*WHAT THIS TASK INVOLVES*:
What you return should be the complete listing, unchanged, with no pictures in it.

*SUPPLIED MATERIAL*:

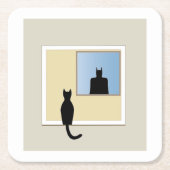 Katt i fönster rechteckiger pappuntersetzer (Vorderseite)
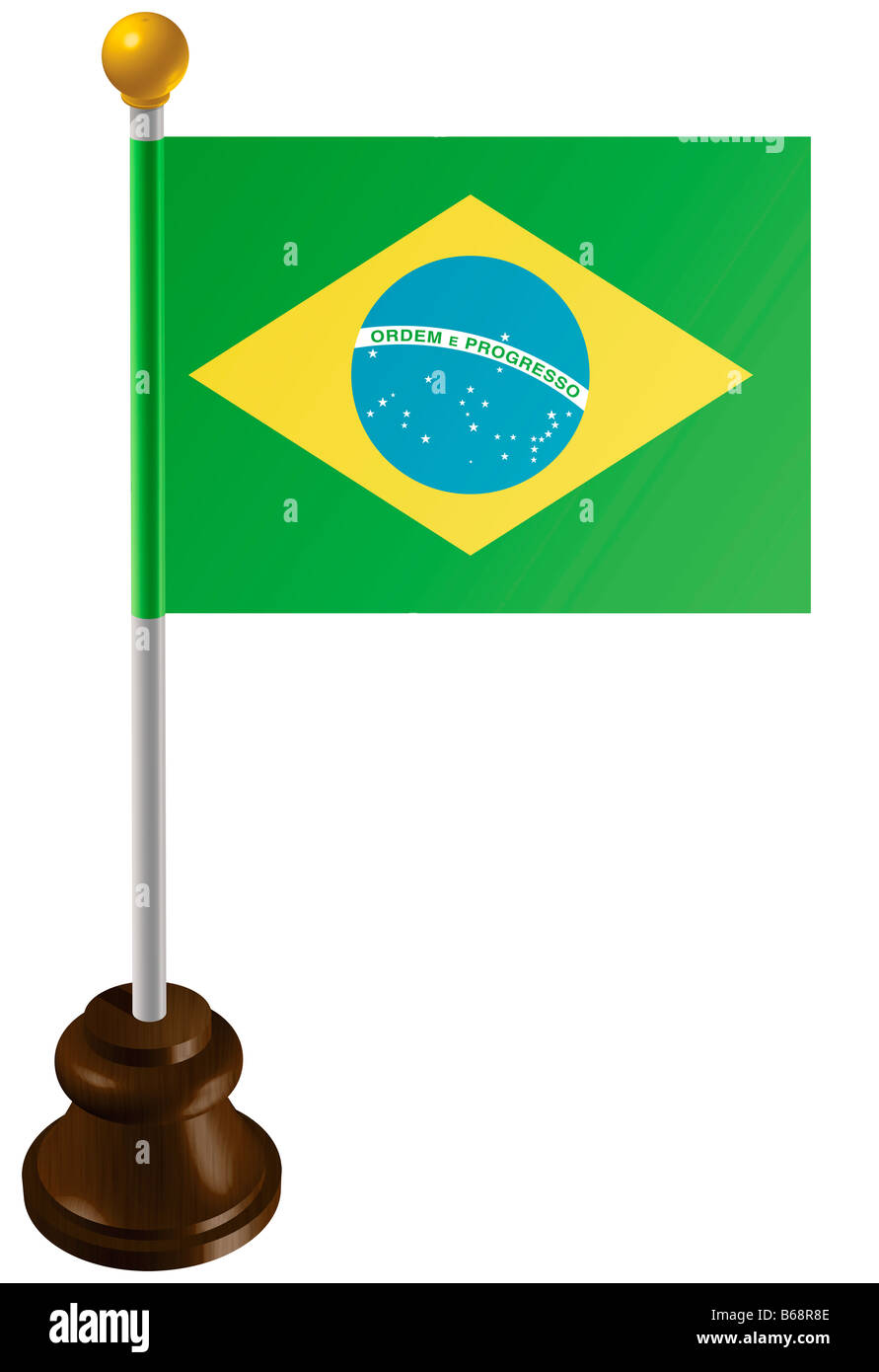 Drapeau brésilien comme marqueur Banque D'Images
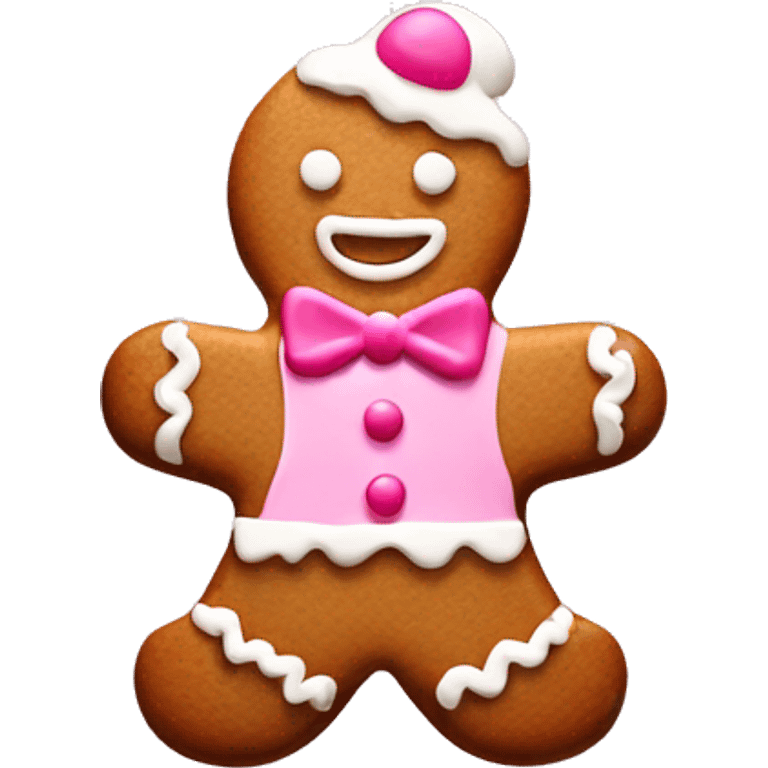 Gingerbread cookie with pink and white frosting  emoji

*WRITTEN RESPONSE*:
 Katt i fönster rechteckiger pappuntersetzer (Vorderseite)
 Drapeau brésilien comme marqueur Banque D'Images
 Gingerbread cookie with pink and white frosting  emoji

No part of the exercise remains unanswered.